The Company was initially capitalized with a $208 million equity investment by the Apollo Funds in exchange for 5,850,000 Class A units (representing a 58.5% ownership interest in the Company) and borrowings under a new credit facility, including proceeds from a $310 million term loan facility and $10 million of borrowings on a new $50 million revolving credit facility. Cash proceeds were used (i) to make a $274.6 million payment to Smart & Final (“S&F”), Henry’s former parent company, in exchange for a 100% equity interest in Henry’s, (ii) pay $199.1 million as the cash portion of the consideration to the Sprouts Arizona unitholders for the acquisition of Sprouts Arizona, (iii) make payments totaling $32.1 million to extinguish Sprouts Arizona debt and redeem Sprouts Arizona preferred membership units and (iv) pay transaction expenses. Additionally, the Company issued 4,150,000 Class A units (representing a 41.5% ownership interest in the Company) to the Sprouts Arizona unitholders as additional consideration (along with the cash referred to in (ii)) for the acquisition of Sprouts Arizona, which units were subsequently transferred to the SFM Liquidating Trust.
The Apollo Funds are affiliates of Apollo Global Management, LLC (together with its affiliates, “Apollo”). Prior to the Henry’s Transaction, entities affiliated with Apollo held a controlling interest in S&F and its wholly-owned subsidiary, Henry’s, before the business combination and the Apollo Funds held a controlling interest in the combined companies following the combination of Henry’s and Sprouts Arizona.

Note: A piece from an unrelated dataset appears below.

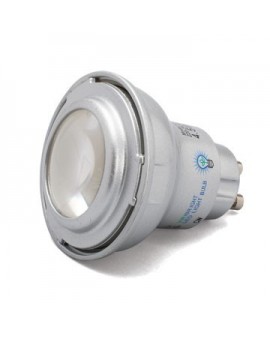 Dicroica LED 4.5W Regulable GU10 6000k 60º 250 Lmn... 2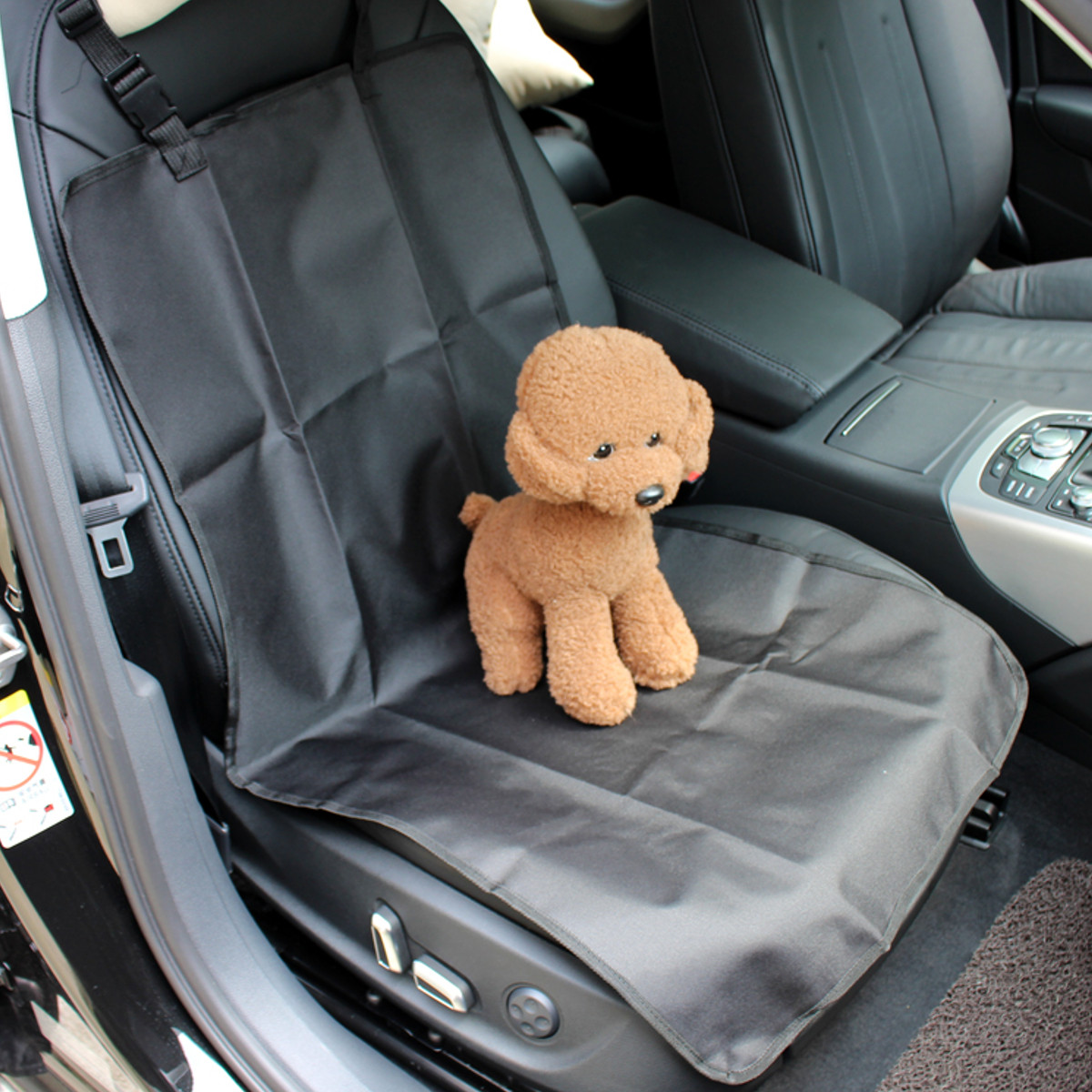 Waterproof-Oxford-Pet-Dog-Cat-Car-Front-Seat-Cover-Protector-Mat-Blanket-Travel-1157525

• | Explain to us the business purpose of Old Sprouts acquiring Henry’s first with $274 million cash in the initial step of the transaction. In addition, Old Sprouts shareholders received $199 million as distribution from New Sprouts. Explain to us what the difference in cash outlay and received represents. |
Response: The acquisition of Henry’s, the contribution of funds by Apollo and the receipt of funds and Class A units by the Sprouts Arizona unitholders were, taken together, intended to integrate the Henry's business with the Company’s business and to partially cash-out the Sprouts Arizona unitholders. The $274.6 million represented the purchase price of Henry's paid to S&F (Henry’s parent) and the $199.1 million represented the cash portion of the consideration received by the Sprouts Arizona unitholders in exchange for the Sprouts Arizona units (in addition to the receipt of Class A units, the equity portion of such consideration).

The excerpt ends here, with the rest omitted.